■ Exercise material:

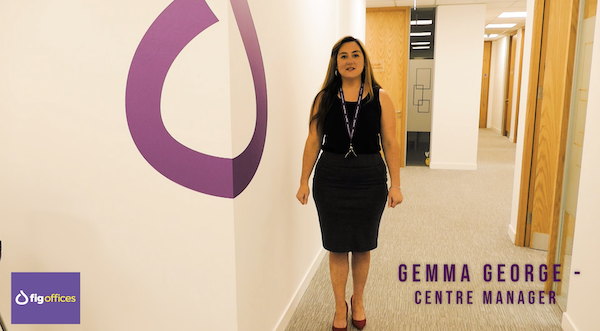 VIDEO: TGT Meets Gemma George | Fig Offices Swindon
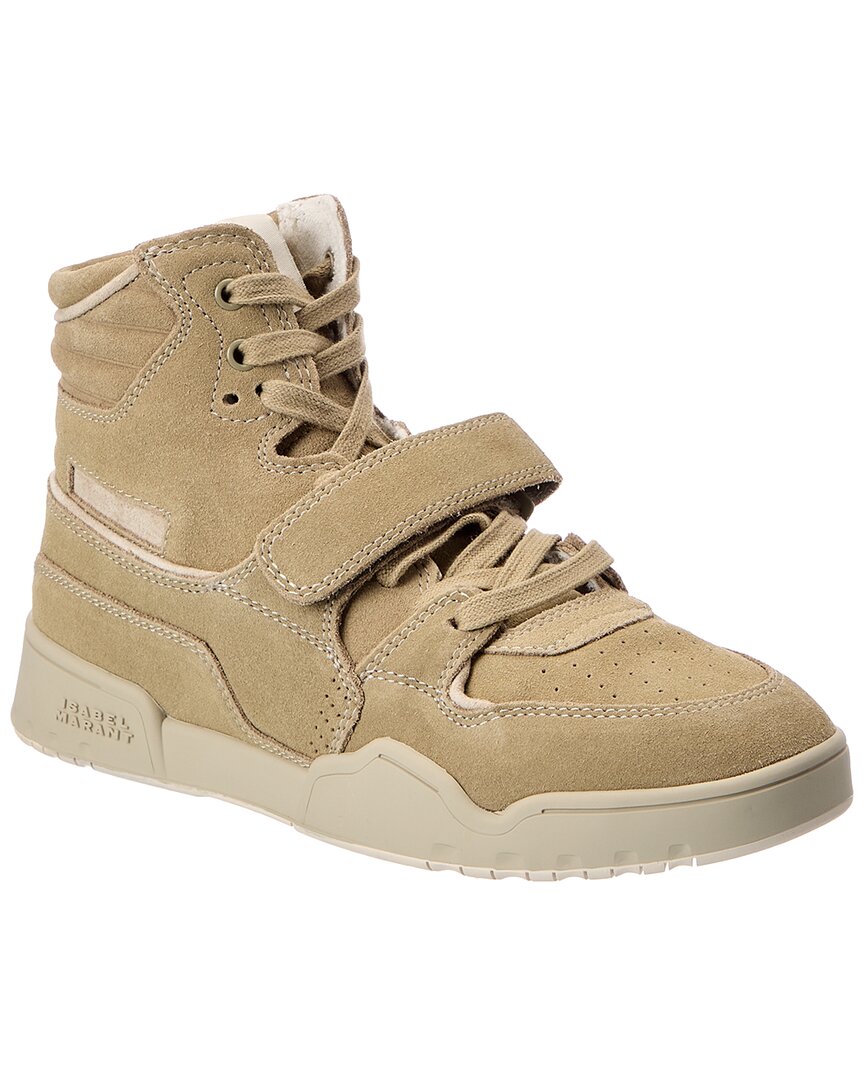 Isabel Marant Alsee Suede High-Top Sneaker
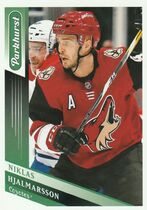 2019 Upper Deck Parkhurst #214 Niklas Hjalmarsson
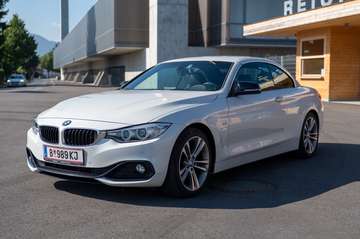 420d Cabrio Sport Line Aut. Sport Line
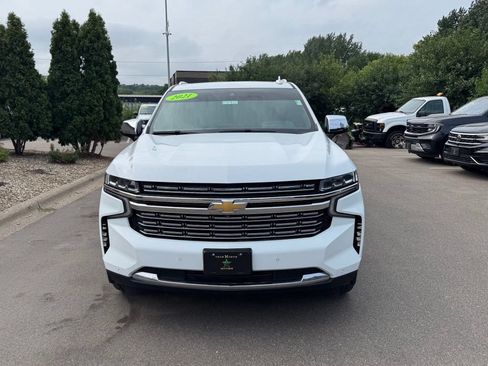 Used 2021 Chevrolet Tahoe Premier w/ Premium Package AWD/4WD image 4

■ Goal of the exercise: The line containing "Isabel Marant Alsee Suede High-Top Sneaker" and every line after it, through the end of the data, are to be output exactly. Omit the pictures.

■ Answer for the task:
 Isabel Marant Alsee Suede High-Top Sneaker
 2019 Upper Deck Parkhurst #214 Niklas Hjalmarsson
 420d Cabrio Sport Line Aut. Sport Line
 Used 2021 Chevrolet Tahoe Premier w/ Premium Package AWD/4WD image 4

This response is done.